Start date: April 1, 2022
Phase: Phase 3
Study type: Interventional

This is a Phase 3, global, double-blind, randomized, placebo-controlled study of adjunctive GNX treatment in children and adults with TSC-related epilepsy. The study consists of a 4-week prospective Baseline phase, defined as the first 28 days following screening, followed by a double-blind phase consisting of a 4-week titration period (Day 1 to Day 28) and a 12-week maintenance period (Day 29 to Week 16).

NCT ID: NCT05323370 Completed - Clinical trials for Tuberous Sclerosis Complex

Lymphangioleiomyomatosis, a Study on Cathepsin K

LAM-CAK
Start date: May 31, 2022
Phase:
Study type: Observational

This is a physiopathological case-control, non-interventional, monocentric study of adult patients with lymphangioleiomyomatosis.

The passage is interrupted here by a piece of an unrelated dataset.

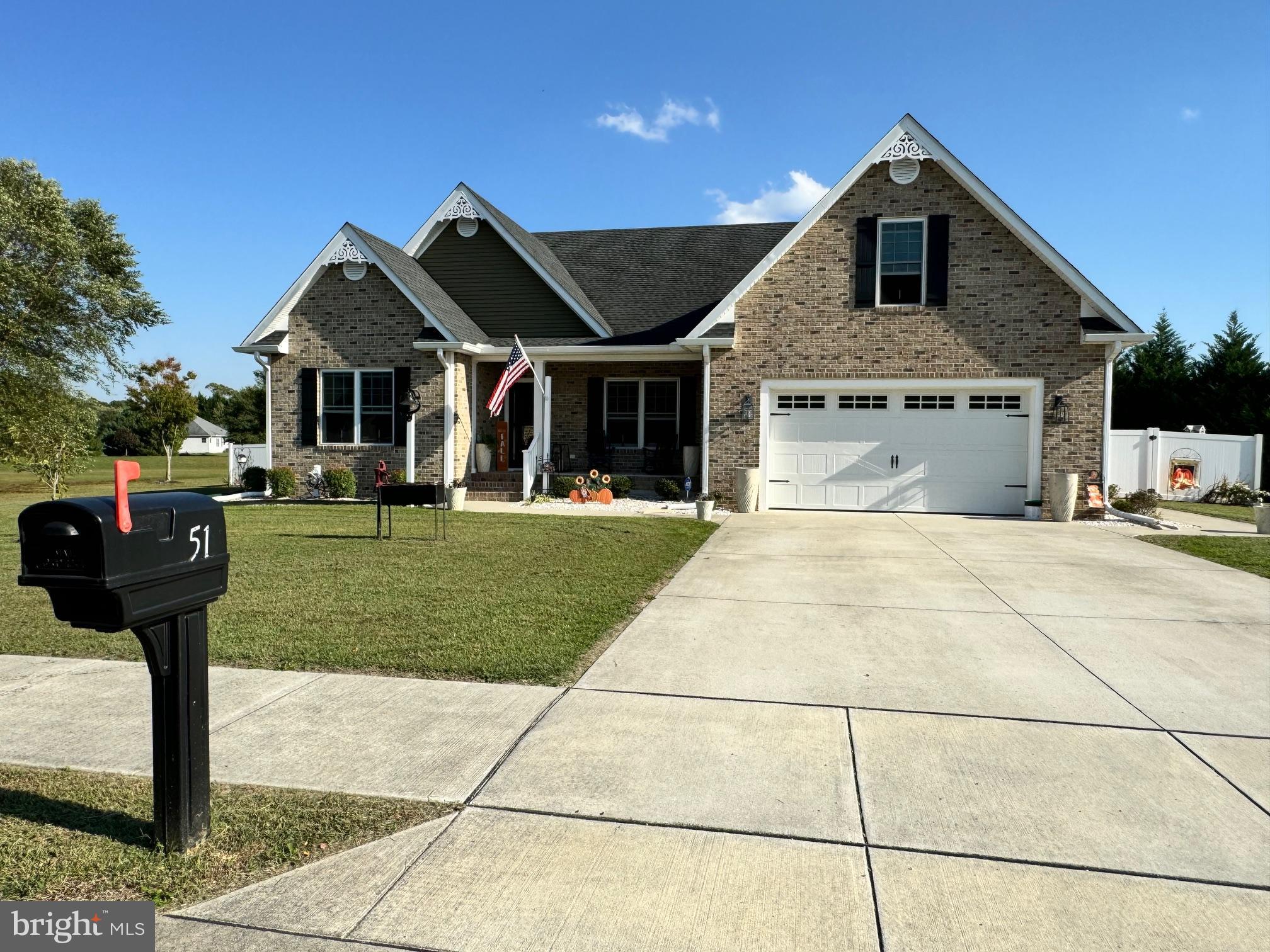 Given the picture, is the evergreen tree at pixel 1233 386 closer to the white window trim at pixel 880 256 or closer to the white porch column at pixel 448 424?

The controls are patients followed in neurology at the CHU of Tours for a tuberous sclerosis complex without lymphangioleiomyomatosis, the healthy volunteers are women with neither pulmonary nor renal pathology and recruited at the clinical investigation centre of the CHU of Tours.

NCT ID: NCT05104983 Recruiting - Epilepsy Clinical Trials

Stopping TSC Onset and Progression 2B: Sirolimus TSC Epilepsy Prevention Study

TSC-STEPS
Start date: October 13, 2021
Phase: Phase 2
Study type: Interventional

This trial is a Phase II randomized, double-blind, placebo controlled multi-site study to evaluate the safety and efficacy of early sirolimus to prevent or delay seizure onset in TSC infants. This study is supported by research funding from the Office of Orphan Products Division (OOPD) of the US Food and Drug Administration (FDA).